-- The data follows --

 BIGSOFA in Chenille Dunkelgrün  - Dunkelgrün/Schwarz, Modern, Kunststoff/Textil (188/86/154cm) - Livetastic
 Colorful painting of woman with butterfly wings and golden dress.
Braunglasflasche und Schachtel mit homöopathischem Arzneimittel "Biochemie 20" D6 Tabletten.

-- The data concluded --
-- The data follows --

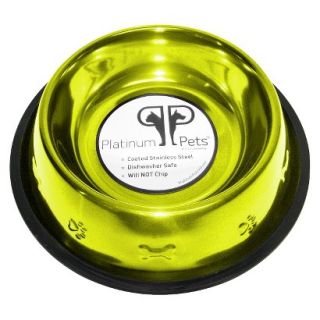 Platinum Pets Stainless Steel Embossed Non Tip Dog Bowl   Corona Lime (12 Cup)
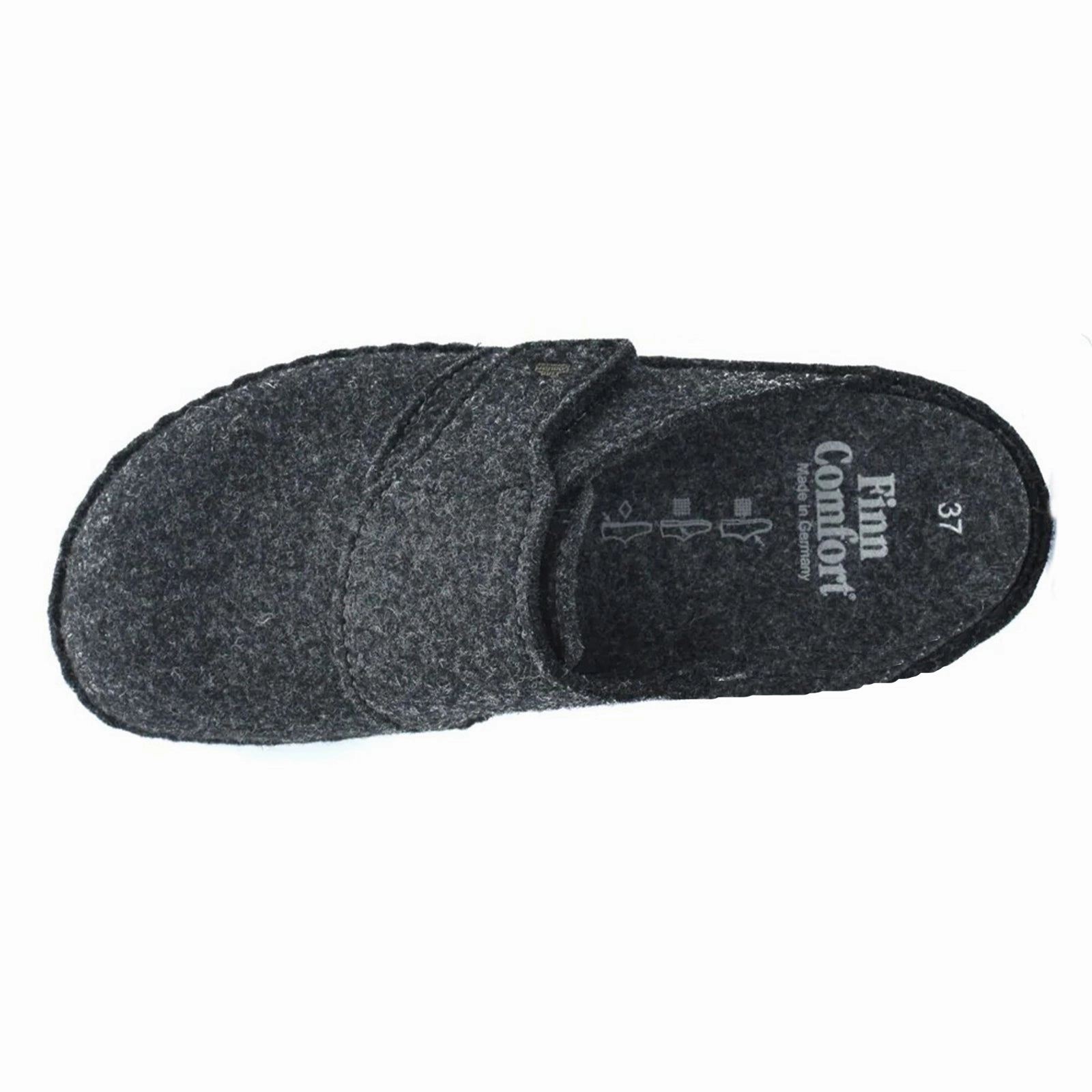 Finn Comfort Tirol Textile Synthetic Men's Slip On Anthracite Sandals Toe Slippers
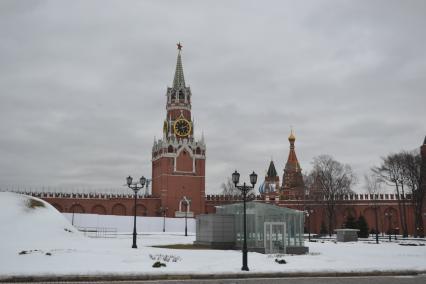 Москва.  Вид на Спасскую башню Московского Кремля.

-- The data concluded --
-- The data follows --

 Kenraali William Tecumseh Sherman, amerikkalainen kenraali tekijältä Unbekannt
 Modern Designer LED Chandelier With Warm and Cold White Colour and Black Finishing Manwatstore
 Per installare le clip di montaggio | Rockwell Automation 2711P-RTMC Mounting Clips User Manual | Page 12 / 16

-- The data concluded --

§ **Work required**
Above are the records; from them, give again exactly the lines from the one containing "BIGSOFA in Chenille" to the one containing "Braunglasflasche und Schachtel", both lines included, and nothing more.

§ **Output of the task**
 BIGSOFA in Chenille Dunkelgrün  - Dunkelgrün/Schwarz, Modern, Kunststoff/Textil (188/86/154cm) - Livetastic
 Colorful painting of woman with butterfly wings and golden dress.
Braunglasflasche und Schachtel mit homöopathischem Arzneimittel "Biochemie 20" D6 Tabletten.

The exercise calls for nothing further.